Castle Romeo Thermonuclear Test 1954

Image borrowed from The Official CTBTO Photostream on Flickr.

Everyone seems to be on a zombie kick the last few years.  Pair that with the impending 2012 prophecy coming to (possible, but incredibly unlikely) fruition, and you’ve got some awesome apocalypse plans, stories, and quite the barrage of “THESKYISFALLING!” media.

Don’t get me wrong, I love it.  You’ve got Falling Skies, the cancelled-before-its-time  Jericho, and the coming-soon Revolution.  Not to mention the Resident Evil franchise, the Fallout series, and the list goes on.  Even The Hunger Games was a post-modern-society setting.  To say that we’re all a little disenchanted with the way things are, to the point where we have to destroy it and kill damn near everyone with our imaginations, might be a bit of an understatement.

And that brings me to today’s Writing Life topic: a writer’s role in the apocalypse.

I mean, let’s face it.  The more resourceful of us are going to survive, right?  We write this stuff.  We’ve thought up the worst case scenarios, killed off our favorite characters in our new vicious, unforgiving versions of the world.  With that small fact (we will survive this nonsense) established, it’s time to hash out just where we stand at the end of it all.

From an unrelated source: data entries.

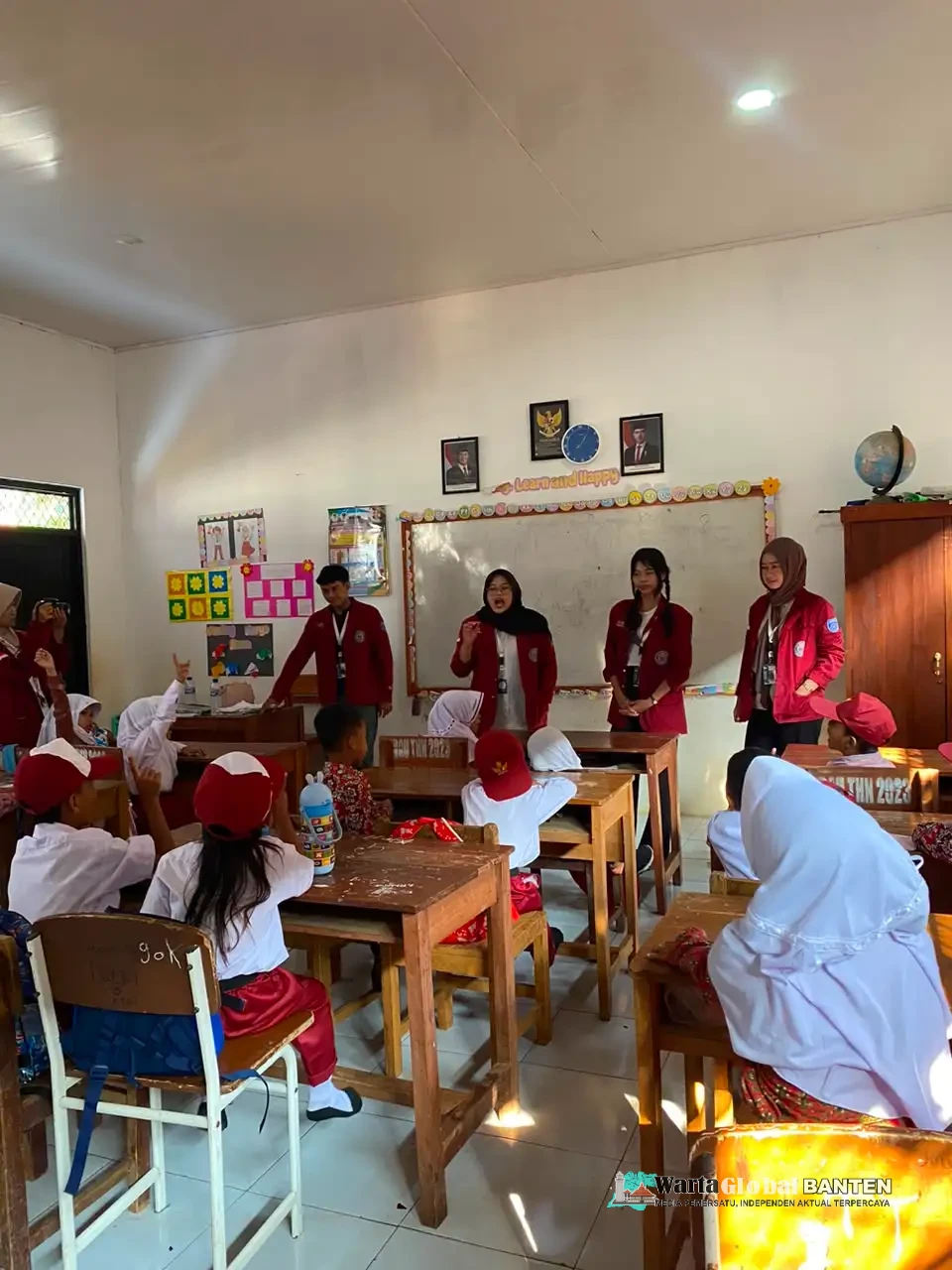Mahasiswa KKM Kelompok 69 Hadirkan Pembelajaran Interaktif di SDN Pasirawi 2 untuk Meningkatkan Kemampuan Calistung dan Minat Belajar Siswa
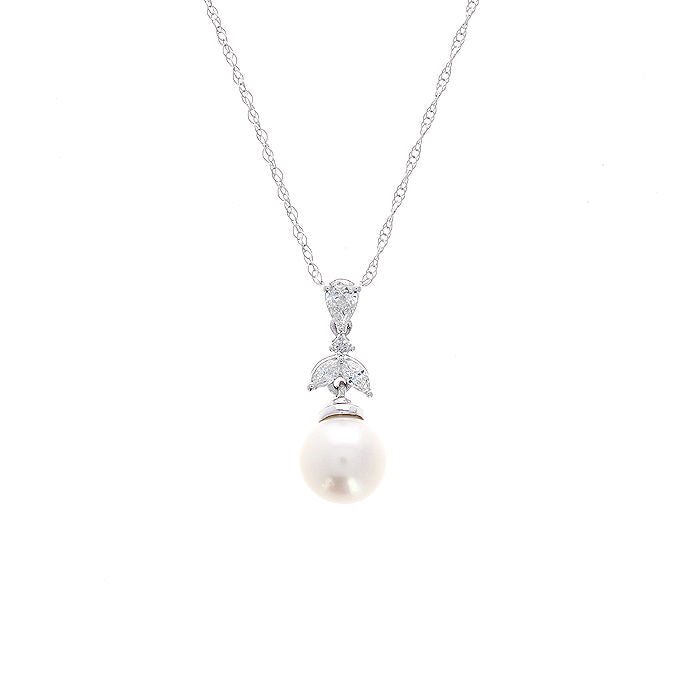 Ladies 14kt White Gold Pearl and 0.19cts Diamond Pendant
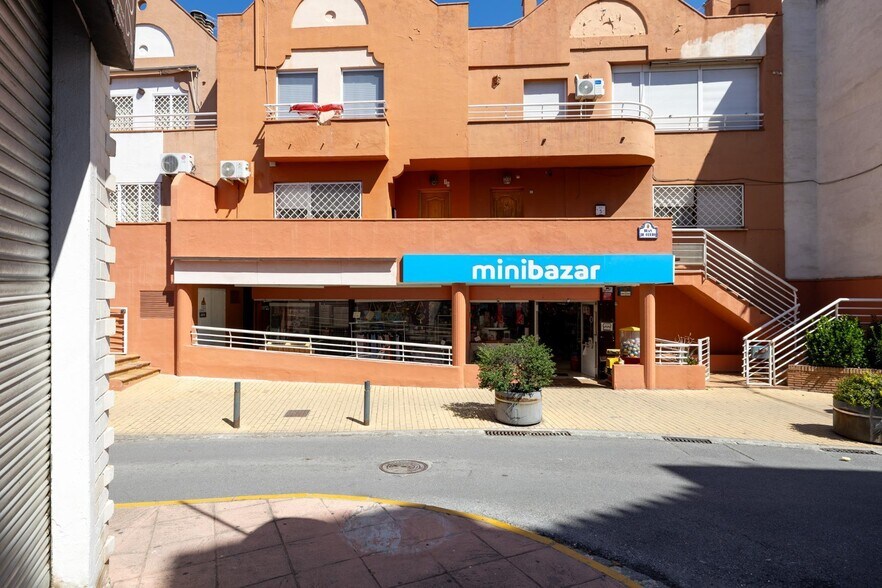 Commerce de détail dans Peligros, Granada à vendre - Photo du bâtiment - Image 2 de 10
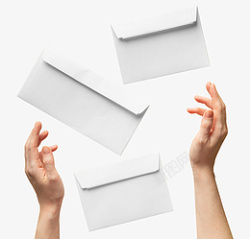 空白信封两只手和散落的白色信封高清图片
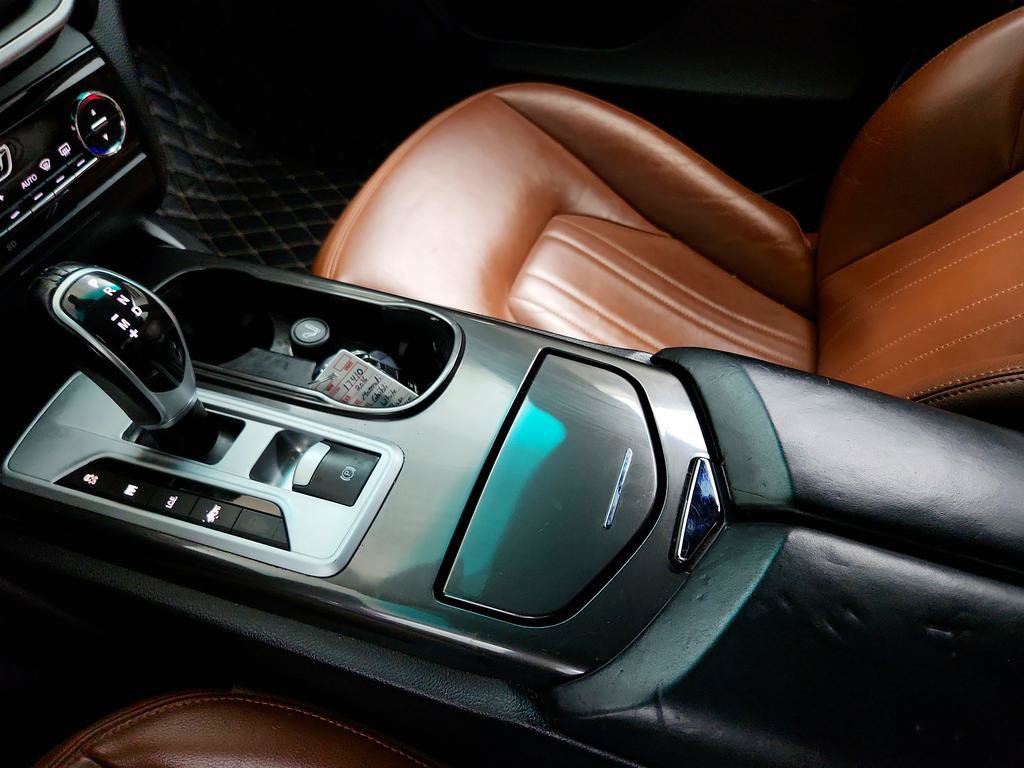 Used 2016 Maserati Ghibli RWD image 18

No electricity.  And where there is electricity, there will be evil street gangs or crime syndicates (ie: the US government or Gary Oldman) hoarding the generators.  Naturally, TV is no longer a staple in our daily lives.  You’ll no longer be able to schedule your week around True Blood or Extreme Couponing.  People will need the blissful escape that fiction provides.  As the years go on, books will be more useful as kindling (blasphemy, I know), and so oral tradition will probably pull itself back to the forefront of our culture.  We, as writers, are story-weavers.  We can give them the escape that they crave.

No more formal education.  We don’t know everything, that’s a fact.  But writers, on the whole, tend to be decently-read and researched people.  In our smaller communities, where teachers may no longer exist, it may fall to writers to keep the written language around for a bit longer.  In educating our hardened and deprived youth, we can keep that thread of creativity and imagination going, providing hope in a world where there isn’t any.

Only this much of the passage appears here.